=== Begin Enclosure ===
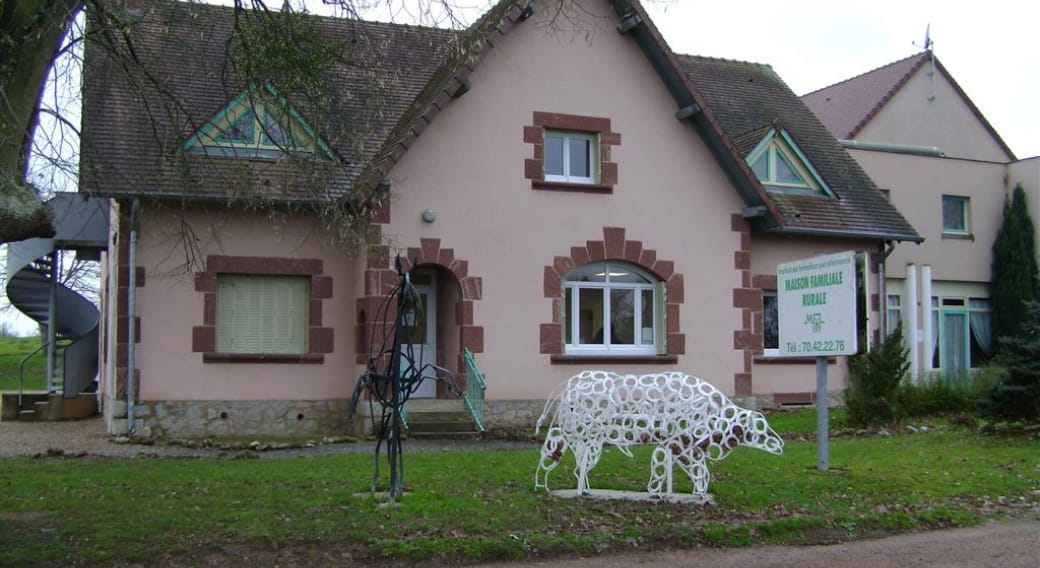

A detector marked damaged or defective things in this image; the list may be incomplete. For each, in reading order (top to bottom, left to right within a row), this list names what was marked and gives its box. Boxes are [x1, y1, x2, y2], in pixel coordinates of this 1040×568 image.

rusty metal sculpture [351, 259, 457, 497]
rusty metal sculpture [536, 366, 782, 495]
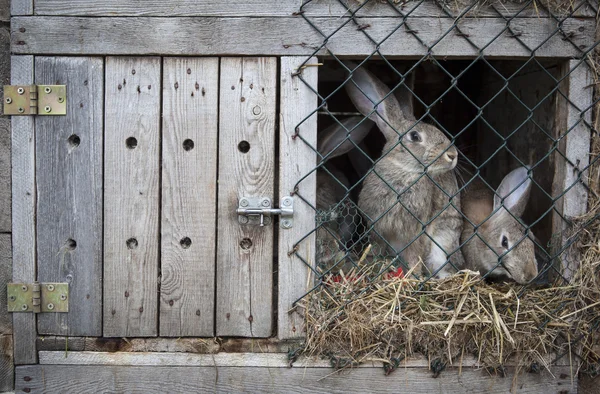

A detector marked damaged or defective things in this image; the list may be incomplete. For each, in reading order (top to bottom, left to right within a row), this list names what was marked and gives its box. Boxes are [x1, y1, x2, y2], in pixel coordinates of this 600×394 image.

rusty hinge [2, 85, 67, 116]
rusty hinge [7, 282, 69, 312]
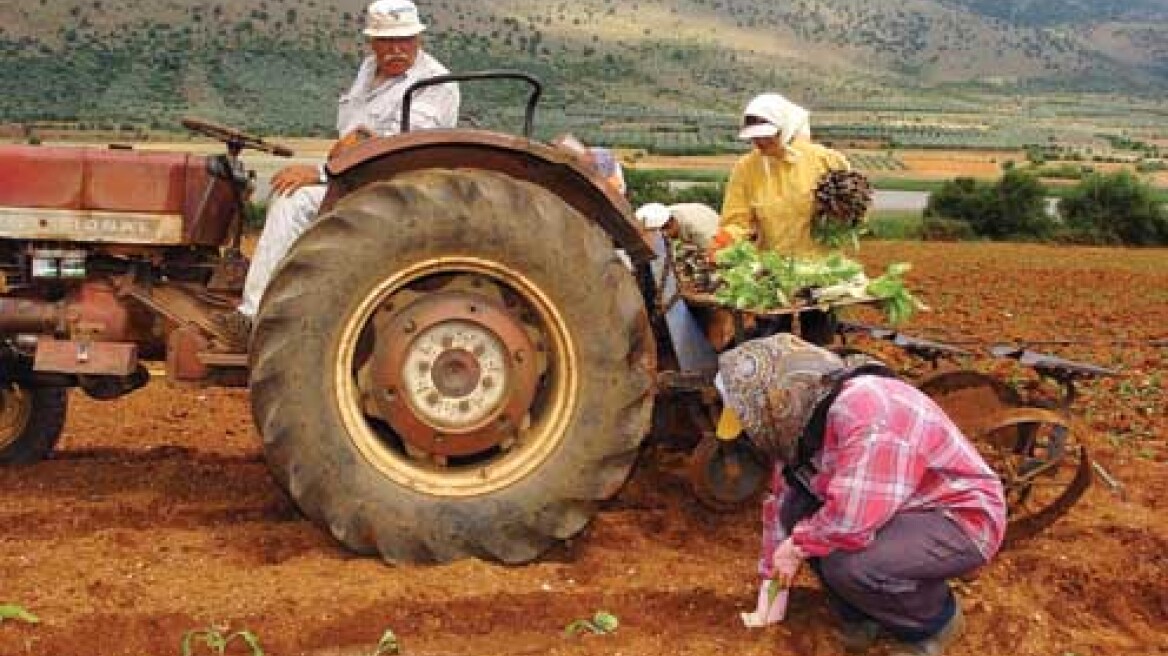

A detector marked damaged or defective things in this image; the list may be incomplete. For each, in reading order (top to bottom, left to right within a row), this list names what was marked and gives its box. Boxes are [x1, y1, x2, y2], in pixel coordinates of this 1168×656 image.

rusty red tractor [0, 73, 1112, 564]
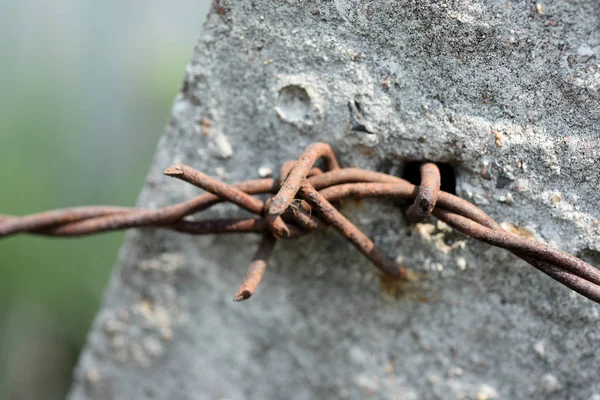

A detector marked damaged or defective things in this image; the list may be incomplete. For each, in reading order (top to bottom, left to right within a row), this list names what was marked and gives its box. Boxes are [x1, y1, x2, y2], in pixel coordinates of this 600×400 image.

rusty barbed wire [1, 144, 600, 304]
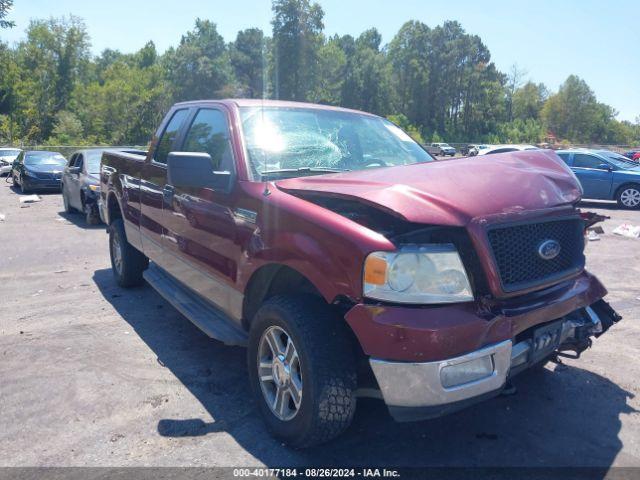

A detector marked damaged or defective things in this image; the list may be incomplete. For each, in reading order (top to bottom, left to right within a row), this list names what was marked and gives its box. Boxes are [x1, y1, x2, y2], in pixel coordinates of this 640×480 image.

shattered windshield [240, 106, 436, 179]
crushed hood [276, 149, 580, 226]
damaged ford f-150 [99, 99, 620, 448]
broken headlight [362, 246, 472, 302]
crumpled front bumper [368, 300, 624, 420]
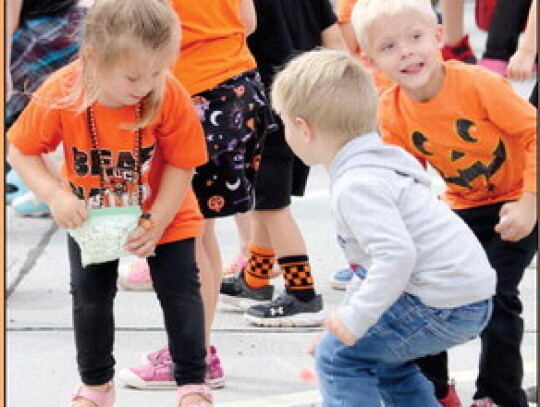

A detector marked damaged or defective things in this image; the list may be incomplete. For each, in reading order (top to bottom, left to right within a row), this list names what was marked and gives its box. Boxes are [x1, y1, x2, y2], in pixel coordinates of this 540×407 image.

pavement crack [6, 223, 58, 300]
=== End Enclosure ===
* **Problem details**: What you return must be the line that contains "this 540×407 image." followed by every remaining line of the material, all exactly as written and nothing more.

* **Response for this exercise**:
A detector marked damaged or defective things in this image; the list may be incomplete. For each, in reading order (top to bottom, left to right within a row), this list names what was marked and gives its box. Boxes are [x1, y1, x2, y2], in pixel coordinates of this 540×407 image.

pavement crack [6, 223, 58, 300]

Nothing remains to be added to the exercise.